§ Work to be completed:
The expected answer holds every line from the first line of the data below through the line containing "May include: Two", exactly as written, and no other line.

§ Material for this task:
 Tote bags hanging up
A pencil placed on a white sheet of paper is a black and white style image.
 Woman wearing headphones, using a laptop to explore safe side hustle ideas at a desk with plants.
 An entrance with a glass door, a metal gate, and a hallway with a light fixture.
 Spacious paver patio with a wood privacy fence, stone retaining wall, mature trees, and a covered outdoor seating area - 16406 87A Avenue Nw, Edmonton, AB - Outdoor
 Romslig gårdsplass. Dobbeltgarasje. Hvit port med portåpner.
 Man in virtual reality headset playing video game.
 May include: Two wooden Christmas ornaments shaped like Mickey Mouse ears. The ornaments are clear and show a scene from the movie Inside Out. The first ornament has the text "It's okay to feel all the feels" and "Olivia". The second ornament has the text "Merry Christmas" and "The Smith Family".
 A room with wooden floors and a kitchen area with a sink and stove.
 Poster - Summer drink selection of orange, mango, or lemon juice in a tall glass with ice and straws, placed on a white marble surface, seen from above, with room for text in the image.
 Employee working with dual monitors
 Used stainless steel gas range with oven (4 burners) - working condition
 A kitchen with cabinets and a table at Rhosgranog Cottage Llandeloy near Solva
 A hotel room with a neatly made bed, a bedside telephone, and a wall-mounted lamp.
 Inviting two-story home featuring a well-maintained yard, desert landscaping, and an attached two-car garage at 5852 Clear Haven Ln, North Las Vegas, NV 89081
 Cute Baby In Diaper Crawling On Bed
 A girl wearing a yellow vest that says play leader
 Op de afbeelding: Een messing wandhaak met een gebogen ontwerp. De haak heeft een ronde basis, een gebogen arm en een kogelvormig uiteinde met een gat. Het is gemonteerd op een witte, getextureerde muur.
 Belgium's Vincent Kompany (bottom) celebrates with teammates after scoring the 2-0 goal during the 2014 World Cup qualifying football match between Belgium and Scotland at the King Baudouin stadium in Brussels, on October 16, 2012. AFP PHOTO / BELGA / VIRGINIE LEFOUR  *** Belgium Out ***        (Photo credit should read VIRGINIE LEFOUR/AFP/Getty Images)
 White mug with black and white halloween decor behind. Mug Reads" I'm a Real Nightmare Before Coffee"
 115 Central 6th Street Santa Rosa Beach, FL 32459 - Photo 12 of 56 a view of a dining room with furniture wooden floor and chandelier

§ Exercise solution:
 Tote bags hanging up
A pencil placed on a white sheet of paper is a black and white style image.
 Woman wearing headphones, using a laptop to explore safe side hustle ideas at a desk with plants.
 An entrance with a glass door, a metal gate, and a hallway with a light fixture.
 Spacious paver patio with a wood privacy fence, stone retaining wall, mature trees, and a covered outdoor seating area - 16406 87A Avenue Nw, Edmonton, AB - Outdoor
 Romslig gårdsplass. Dobbeltgarasje. Hvit port med portåpner.
 Man in virtual reality headset playing video game.
 May include: Two wooden Christmas ornaments shaped like Mickey Mouse ears. The ornaments are clear and show a scene from the movie Inside Out. The first ornament has the text "It's okay to feel all the feels" and "Olivia". The second ornament has the text "Merry Christmas" and "The Smith Family".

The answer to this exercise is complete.